To begin with, I'm supporting Marianne Williamson because she represents the most radical candidate in the field "of thousands," as she often jokes. Using the term "radical" here, I'm referring to its etymological meaning which derives from the Latin word radix meaning "root."
Alone in the crowded field of Democratic candidates Marianne puts her finger on what's really ailing our nation. It's not primarily an economic or military problem. No, at root, it's a deeply spiritual malady. Yes, ours is a spiritual problem!
The problem is that rather than "free and brave," we're all scared out of our wits. We subscribe to values that are 180 degrees opposed to those identified as ultimate by all the world's great wisdom traditions be they Christian, Jewish, Muslim, Hindu, Buddhist or atheistic. At their deepest level, all of those traditions converge identifying compassion rather than fear as the supreme human value.
Ms. Williamson says it clearly: fear (which is the opposite of compassion) has us captive. Fear has us identifying Russians, Chinese, Muslims, immigrants, refugees, LGBT community members, poor people in general, and even (at our borders) children and babies as somehow our enemies fundamentally unlike us and threatening us at every turn.
None of that is true, Marianne says. It's quite the opposite. All of us have far more in common than anything that can possibly separate us. In fact as she puts it "There is really only one of us here." We are not only sisters and brothers, we are really a single person. What I do to you, I do to myself.
That's really the authentic teaching of Jesus, isn't it? That's the meaning of his words, "Love your neighbor as yourself." We must love our neighbor because our neighbor is our self.
As Williamson explains, that conviction is what moved the abolitionists, the suffragettes, the civil rights campaigners and many who brought the Vietnam War to an end.
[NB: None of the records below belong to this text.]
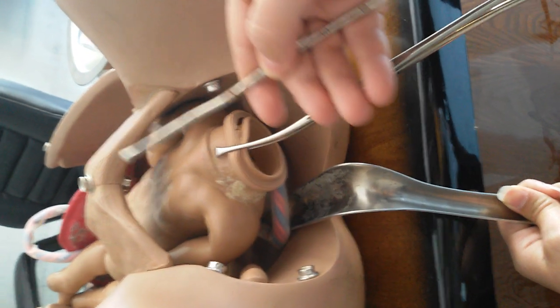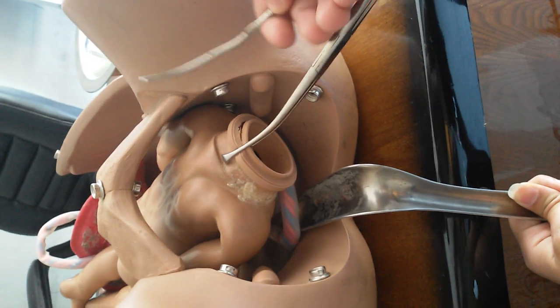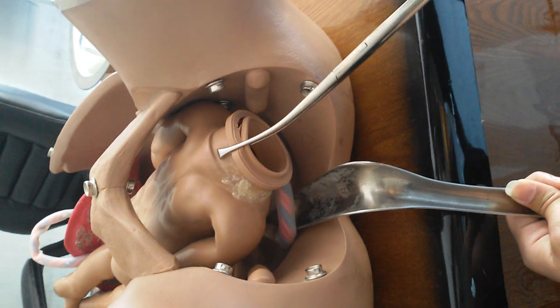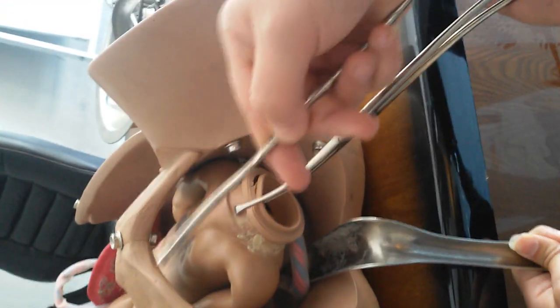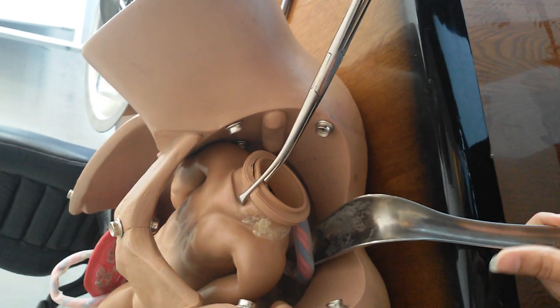The measurement here is about eight centimeters. If it is eight centimeters, it means the gestational age is eight weeks. We then compare every instrument we are going to use next against this measurement — for example, the sponge forceps — and we mark that it is about eight centimeters.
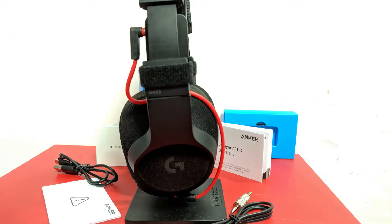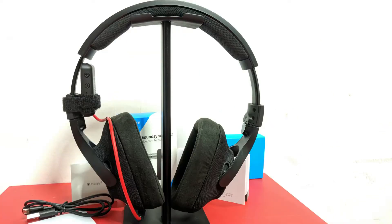I would recommend this to anyone looking for a 5.0 wireless Bluetooth receiver. Thanks and I'll see you on the next one.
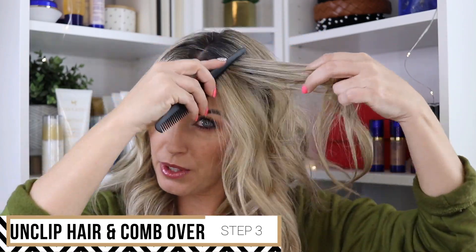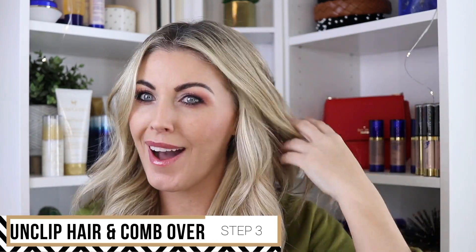The next thing I do is just let this down and comb right over the wire. What that does is hide it completely — you're not going to see it at all. Because it's clear, the only place you might see it is in your part, but it just completely disappears. Then I just work my fingers through my hair to blend the ends together — and there we go, nice long hair in one quick and easy step.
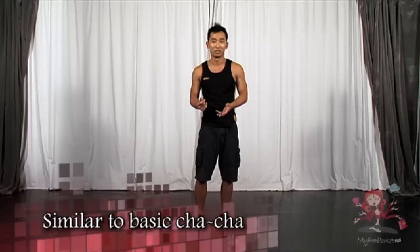Hi, it's me Kelvin again and today I'll be teaching you more steps on how to move your body. Let's go! So today, for this week, we'll learn something which is a little bit similar to basic cha-cha.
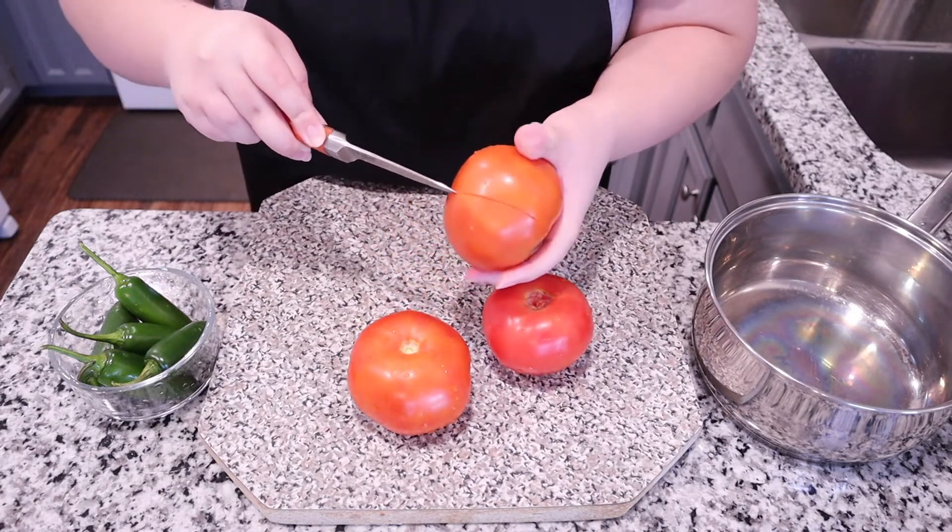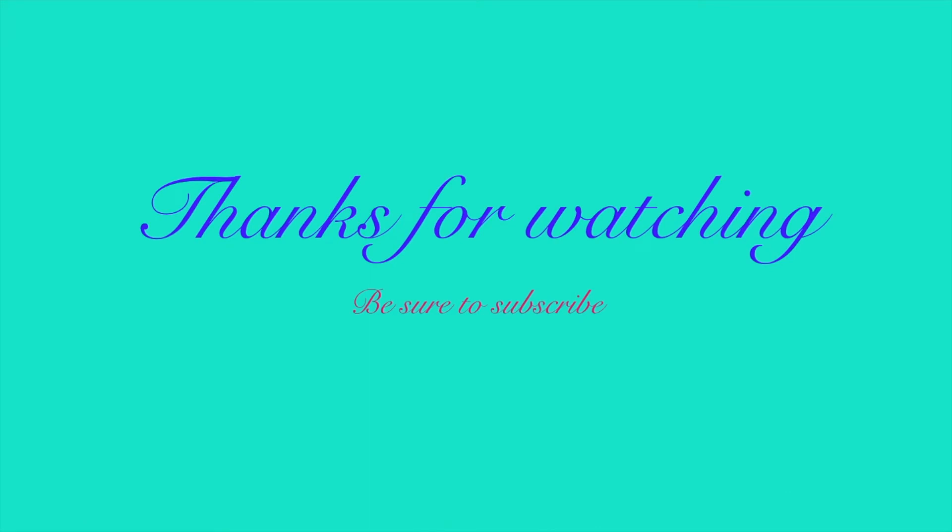Now I'm just taking a paring knife — be careful so you don't cut yourself — and I'm just scoring the tomatoes so it's easier to take off the skin when we boil them. Just make little slashes along the perimeter of the tomato, just like this.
It's no accident, she says, that so many of the abolitionists and suffragettes were Quakers, that Martin Luther King was a Baptist preacher, and that anti-war activists like the Berrigan brothers were Catholic priests. Those are the great heroes of the land we call "America." Like Marianne herself, they all recognized our fundamentally spiritual nature.
So, none of us should say all of this is too idealistic. Instead, we should realize that, in effect, Marianne Williamson is challenging Americans to live up to their faith claims. After all, 70% of us claim to be Christian. Then there are the Jews, Muslims, Hindus, Buddhists I already mentioned, as well as atheists and those claiming to be "spiritual but not religious." As I said, all of those traditions, at their most profound level, converge in calls to liberty, equality, and fraternity.
And that brings me to Jesus' Parable of the Prodigal Son and its connection with Marianne Williamson's deep politics. In what I'm about to say, I'm taking my cue from John Dominic Crossan's book The Power of Parable: how fiction by Jesus became fiction about Jesus. There, Crossan suggests challenging Luke's parable as excessively patriarchal. After all, the story is about a bad boy who realizes the error of his ways and returns home to daddy and daddy's patriarchy with its familiar rules, prohibitions, and tried and true ways of doing things.
Crossan asks, what if the prodigal left home and never looked back? Would he have been better off? Would we be better off by not following his example as described today by Luke by instead separating from the patriarchy and leaving home for good?